## Your task
Whenever a line in the data holds the string "mobile", copy that line.

## Task material
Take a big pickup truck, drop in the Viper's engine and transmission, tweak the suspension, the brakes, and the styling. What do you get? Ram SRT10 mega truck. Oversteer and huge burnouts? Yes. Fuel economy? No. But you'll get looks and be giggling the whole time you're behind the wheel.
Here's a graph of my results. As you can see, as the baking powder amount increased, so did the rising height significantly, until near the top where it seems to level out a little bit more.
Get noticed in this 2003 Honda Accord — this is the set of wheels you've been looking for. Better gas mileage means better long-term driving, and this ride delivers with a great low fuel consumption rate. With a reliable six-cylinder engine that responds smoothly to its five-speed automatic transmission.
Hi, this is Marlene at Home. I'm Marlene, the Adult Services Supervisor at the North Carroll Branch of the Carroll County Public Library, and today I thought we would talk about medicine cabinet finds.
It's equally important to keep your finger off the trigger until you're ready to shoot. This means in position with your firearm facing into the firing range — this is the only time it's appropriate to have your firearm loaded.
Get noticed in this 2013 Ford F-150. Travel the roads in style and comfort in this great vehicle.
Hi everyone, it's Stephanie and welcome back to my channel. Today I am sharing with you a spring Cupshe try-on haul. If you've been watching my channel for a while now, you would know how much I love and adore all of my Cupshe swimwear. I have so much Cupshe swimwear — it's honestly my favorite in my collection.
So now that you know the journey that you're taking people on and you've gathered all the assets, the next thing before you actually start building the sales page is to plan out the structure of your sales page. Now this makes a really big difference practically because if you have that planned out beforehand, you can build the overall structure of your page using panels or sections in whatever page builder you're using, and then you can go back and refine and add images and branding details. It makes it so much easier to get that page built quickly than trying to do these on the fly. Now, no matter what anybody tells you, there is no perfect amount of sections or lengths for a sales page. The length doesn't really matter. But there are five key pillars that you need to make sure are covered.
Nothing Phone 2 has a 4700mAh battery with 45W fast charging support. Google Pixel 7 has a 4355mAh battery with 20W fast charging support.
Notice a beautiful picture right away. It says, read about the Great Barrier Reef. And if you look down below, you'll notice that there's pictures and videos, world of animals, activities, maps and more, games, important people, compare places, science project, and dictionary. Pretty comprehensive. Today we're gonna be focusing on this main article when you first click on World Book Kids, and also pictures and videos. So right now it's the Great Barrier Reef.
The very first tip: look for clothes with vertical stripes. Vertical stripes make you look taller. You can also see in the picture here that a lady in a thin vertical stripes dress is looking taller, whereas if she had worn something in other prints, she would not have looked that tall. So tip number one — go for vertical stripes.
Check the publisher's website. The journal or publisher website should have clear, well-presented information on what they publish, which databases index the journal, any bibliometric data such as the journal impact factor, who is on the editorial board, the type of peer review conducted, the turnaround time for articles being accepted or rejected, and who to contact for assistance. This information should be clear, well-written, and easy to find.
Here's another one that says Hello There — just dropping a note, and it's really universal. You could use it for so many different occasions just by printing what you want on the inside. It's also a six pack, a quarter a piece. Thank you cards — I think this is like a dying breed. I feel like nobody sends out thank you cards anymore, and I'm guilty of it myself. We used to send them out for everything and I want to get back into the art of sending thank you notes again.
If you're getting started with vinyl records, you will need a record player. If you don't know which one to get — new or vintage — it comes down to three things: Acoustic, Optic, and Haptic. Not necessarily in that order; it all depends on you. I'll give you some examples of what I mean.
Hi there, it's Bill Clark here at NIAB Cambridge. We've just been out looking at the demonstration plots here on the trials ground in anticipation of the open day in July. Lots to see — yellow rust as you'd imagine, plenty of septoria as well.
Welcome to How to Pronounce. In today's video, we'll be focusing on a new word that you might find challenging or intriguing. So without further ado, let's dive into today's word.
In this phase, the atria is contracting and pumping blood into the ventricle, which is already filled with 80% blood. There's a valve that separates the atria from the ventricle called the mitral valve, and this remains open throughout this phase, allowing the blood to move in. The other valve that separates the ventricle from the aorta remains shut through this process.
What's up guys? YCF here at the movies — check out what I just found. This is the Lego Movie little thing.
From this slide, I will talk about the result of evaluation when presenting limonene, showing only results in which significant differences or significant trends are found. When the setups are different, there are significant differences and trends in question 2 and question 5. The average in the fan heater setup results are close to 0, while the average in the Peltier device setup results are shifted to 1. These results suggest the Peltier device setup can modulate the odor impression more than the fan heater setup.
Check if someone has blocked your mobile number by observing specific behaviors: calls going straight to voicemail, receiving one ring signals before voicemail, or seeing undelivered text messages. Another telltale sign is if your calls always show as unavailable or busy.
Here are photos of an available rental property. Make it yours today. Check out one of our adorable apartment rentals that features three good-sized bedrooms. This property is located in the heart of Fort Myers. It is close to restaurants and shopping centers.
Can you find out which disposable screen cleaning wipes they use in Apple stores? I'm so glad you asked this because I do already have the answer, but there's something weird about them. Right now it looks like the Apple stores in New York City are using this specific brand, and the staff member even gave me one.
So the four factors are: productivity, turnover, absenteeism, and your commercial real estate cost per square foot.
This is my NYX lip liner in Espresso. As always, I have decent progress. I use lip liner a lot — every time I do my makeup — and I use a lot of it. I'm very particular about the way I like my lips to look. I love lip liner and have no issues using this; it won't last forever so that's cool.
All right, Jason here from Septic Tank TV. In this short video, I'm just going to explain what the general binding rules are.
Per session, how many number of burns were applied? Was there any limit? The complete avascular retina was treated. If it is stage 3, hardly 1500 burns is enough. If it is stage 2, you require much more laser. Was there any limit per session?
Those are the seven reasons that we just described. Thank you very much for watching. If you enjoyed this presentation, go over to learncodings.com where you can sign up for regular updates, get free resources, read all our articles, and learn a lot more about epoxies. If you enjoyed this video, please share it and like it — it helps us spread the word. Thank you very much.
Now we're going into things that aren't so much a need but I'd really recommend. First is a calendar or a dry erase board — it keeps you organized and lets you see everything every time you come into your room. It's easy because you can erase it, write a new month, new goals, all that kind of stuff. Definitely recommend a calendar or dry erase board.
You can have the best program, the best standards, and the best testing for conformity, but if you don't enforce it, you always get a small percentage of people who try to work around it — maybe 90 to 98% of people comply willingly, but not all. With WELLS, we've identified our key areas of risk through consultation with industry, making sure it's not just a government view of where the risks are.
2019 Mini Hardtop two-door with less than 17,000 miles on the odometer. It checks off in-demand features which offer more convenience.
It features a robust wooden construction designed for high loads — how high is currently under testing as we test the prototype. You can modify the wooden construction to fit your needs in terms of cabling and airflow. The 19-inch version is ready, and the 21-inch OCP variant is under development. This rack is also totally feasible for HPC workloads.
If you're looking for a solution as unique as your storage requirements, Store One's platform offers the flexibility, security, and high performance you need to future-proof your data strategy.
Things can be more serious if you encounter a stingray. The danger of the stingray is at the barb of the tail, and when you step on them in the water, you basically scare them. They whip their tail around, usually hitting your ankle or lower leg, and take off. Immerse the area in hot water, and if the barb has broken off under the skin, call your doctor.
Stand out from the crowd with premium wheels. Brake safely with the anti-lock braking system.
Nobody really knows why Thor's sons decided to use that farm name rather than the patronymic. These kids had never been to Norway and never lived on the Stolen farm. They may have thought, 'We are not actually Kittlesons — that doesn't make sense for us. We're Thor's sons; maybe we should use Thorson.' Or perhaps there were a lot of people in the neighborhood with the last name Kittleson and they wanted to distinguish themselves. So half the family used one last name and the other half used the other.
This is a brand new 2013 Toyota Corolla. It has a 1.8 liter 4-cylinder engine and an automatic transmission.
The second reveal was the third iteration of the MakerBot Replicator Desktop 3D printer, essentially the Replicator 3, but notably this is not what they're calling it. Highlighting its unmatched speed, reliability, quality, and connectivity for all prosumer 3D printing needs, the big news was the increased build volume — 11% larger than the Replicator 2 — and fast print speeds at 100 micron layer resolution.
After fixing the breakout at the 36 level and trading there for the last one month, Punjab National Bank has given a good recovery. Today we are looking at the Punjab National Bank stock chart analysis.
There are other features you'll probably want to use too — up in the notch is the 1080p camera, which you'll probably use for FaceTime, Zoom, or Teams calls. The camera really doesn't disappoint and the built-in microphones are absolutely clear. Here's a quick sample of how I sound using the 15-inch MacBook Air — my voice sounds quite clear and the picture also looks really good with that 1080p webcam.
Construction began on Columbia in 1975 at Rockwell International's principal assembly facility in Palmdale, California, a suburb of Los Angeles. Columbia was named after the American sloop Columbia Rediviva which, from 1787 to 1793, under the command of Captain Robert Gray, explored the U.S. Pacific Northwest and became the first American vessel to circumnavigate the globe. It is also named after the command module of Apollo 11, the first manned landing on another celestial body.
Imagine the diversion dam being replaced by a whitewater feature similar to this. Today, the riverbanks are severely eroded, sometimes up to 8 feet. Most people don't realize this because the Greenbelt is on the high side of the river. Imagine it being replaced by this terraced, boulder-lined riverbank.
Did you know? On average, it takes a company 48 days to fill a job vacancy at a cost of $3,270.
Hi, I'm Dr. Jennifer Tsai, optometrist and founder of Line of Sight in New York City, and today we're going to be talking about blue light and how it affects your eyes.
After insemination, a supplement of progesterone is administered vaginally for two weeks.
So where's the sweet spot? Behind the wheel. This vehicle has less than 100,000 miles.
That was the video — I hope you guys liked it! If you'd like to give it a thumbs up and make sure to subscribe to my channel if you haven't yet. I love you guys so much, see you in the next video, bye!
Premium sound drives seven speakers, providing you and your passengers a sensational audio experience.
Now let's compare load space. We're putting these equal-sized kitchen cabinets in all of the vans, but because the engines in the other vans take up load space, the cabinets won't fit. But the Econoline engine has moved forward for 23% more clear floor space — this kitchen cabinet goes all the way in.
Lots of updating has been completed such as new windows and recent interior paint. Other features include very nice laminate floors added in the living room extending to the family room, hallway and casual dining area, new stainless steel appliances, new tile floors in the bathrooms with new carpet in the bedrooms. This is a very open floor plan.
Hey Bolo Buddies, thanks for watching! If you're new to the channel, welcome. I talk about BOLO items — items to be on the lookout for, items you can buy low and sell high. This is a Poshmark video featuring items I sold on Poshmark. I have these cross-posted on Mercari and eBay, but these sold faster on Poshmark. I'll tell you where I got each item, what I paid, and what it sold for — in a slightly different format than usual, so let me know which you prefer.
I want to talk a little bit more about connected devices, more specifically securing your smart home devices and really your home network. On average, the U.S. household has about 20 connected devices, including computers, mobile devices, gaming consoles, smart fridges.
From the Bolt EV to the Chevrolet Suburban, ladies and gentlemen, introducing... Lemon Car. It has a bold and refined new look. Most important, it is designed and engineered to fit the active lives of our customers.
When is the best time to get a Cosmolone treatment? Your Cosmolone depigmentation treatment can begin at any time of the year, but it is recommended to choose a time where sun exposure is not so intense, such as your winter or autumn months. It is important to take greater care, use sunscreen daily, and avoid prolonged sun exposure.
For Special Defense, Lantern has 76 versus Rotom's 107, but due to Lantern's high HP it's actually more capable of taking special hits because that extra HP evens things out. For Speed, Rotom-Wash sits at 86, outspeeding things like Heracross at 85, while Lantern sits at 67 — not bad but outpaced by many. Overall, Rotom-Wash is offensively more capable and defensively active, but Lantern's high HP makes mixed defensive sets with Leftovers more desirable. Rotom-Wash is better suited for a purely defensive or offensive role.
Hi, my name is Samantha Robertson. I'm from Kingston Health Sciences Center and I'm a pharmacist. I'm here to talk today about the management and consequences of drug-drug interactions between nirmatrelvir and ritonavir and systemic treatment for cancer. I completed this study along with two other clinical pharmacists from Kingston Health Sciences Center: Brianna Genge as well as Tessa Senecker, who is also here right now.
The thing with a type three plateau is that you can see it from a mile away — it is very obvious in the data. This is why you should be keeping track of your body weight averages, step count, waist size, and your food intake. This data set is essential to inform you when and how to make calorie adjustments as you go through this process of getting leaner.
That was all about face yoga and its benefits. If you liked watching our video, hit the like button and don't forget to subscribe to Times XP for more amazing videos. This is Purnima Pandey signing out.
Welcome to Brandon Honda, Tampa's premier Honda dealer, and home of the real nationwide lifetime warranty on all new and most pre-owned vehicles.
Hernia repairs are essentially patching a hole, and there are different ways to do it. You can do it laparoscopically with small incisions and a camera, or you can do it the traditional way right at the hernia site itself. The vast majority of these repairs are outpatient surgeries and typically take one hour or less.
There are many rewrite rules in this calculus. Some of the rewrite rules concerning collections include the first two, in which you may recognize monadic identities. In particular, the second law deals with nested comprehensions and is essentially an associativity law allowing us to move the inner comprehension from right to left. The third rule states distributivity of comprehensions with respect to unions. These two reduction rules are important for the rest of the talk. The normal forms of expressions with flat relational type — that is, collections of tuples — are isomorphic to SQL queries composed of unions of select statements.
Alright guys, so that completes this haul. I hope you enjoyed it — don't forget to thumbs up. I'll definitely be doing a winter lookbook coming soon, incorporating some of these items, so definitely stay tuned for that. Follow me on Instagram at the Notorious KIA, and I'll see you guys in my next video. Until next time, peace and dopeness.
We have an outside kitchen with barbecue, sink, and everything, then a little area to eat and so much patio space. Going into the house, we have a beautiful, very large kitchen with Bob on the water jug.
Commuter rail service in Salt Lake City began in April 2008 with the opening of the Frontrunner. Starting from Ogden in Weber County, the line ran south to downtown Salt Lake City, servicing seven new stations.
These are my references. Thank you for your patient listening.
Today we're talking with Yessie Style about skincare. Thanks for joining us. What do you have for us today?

## The answer
Check if someone has blocked your mobile number by observing specific behaviors: calls going straight to voicemail, receiving one ring signals before voicemail, or seeing undelivered text messages. Another telltale sign is if your calls always show as unavailable or busy.
I want to talk a little bit more about connected devices, more specifically securing your smart home devices and really your home network. On average, the U.S. household has about 20 connected devices, including computers, mobile devices, gaming consoles, smart fridges.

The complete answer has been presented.